══ Data records ══

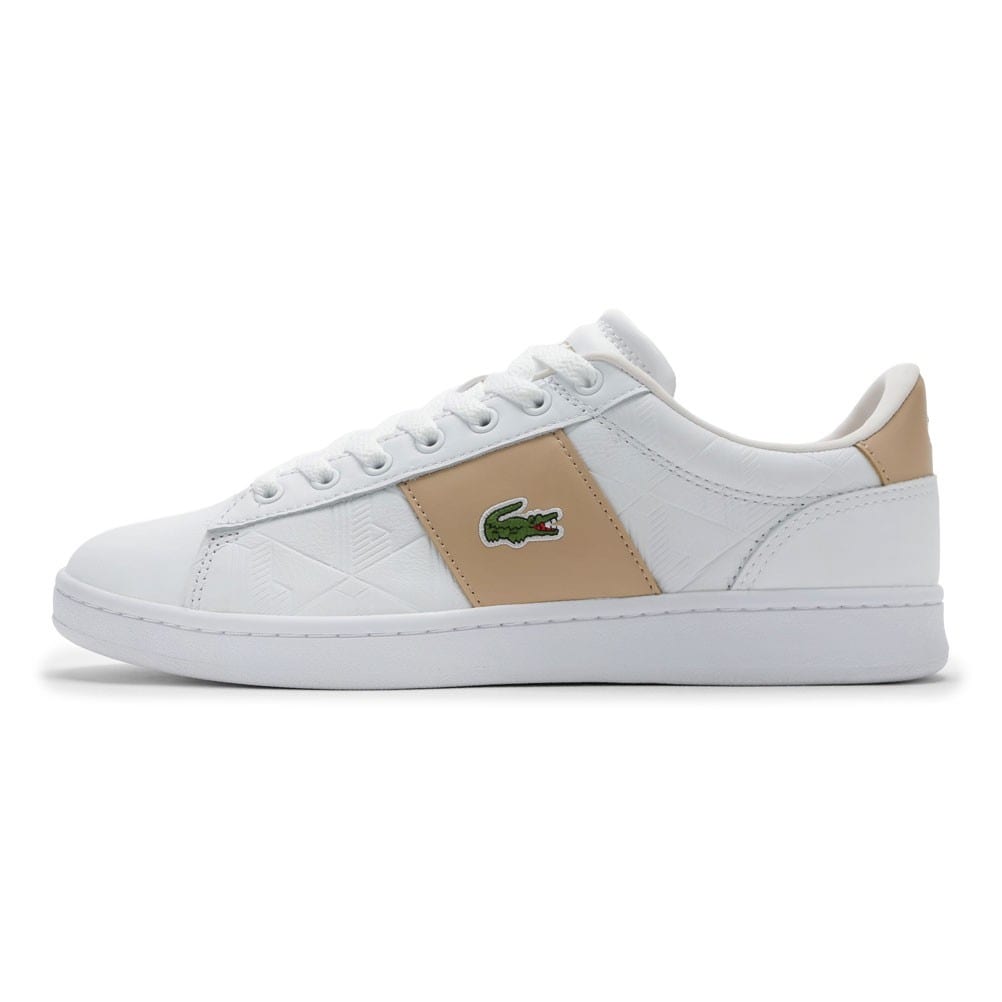 CARNABY SET 1252 APA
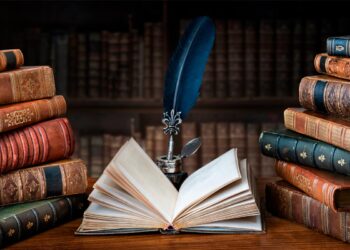 Não deixe que os erros gramaticais comprometam a sua comunicação escrita. Aprenda a evitá-los com estas dicas essenciais!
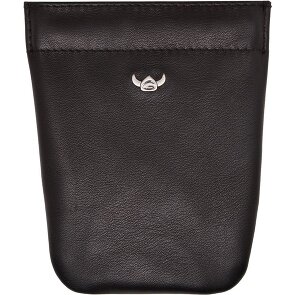 Golden Head Polo Schlüsseletui Leder 12 cm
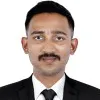 Muhammed Shuhaib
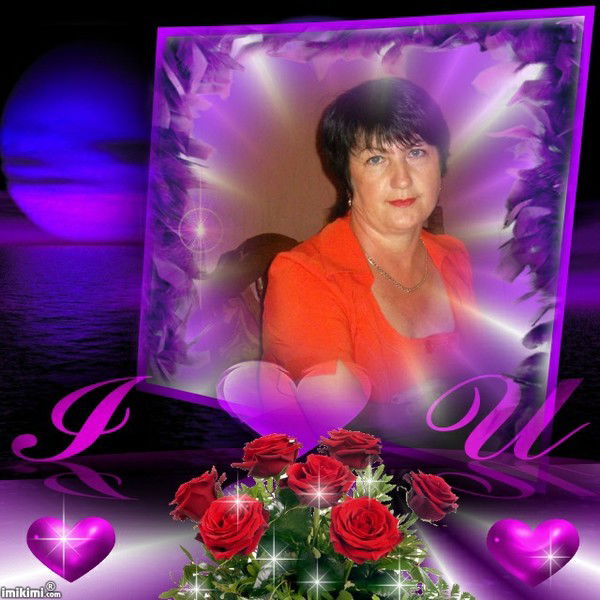 Екатерина Селихова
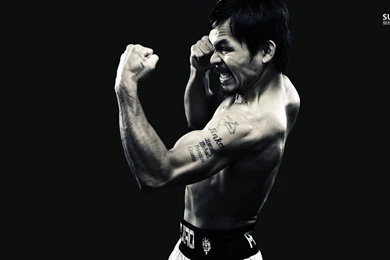 Manny Pacquiao Wallpapers   Sport Wallpapers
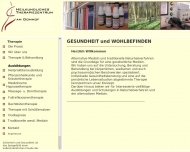 Bild Groeneveld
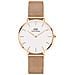 Orologio Daniel Wellington Classic Petite - Foto miniatura 1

═══

Goal of the exercise:
Omit all images when repeating the data above exactly.

Task output:
 CARNABY SET 1252 APA
 Não deixe que os erros gramaticais comprometam a sua comunicação escrita. Aprenda a evitá-los com estas dicas essenciais!
 Golden Head Polo Schlüsseletui Leder 12 cm
 Muhammed Shuhaib
 Екатерина Селихова
 Manny Pacquiao Wallpapers   Sport Wallpapers
 Bild Groeneveld
 Orologio Daniel Wellington Classic Petite - Foto miniatura 1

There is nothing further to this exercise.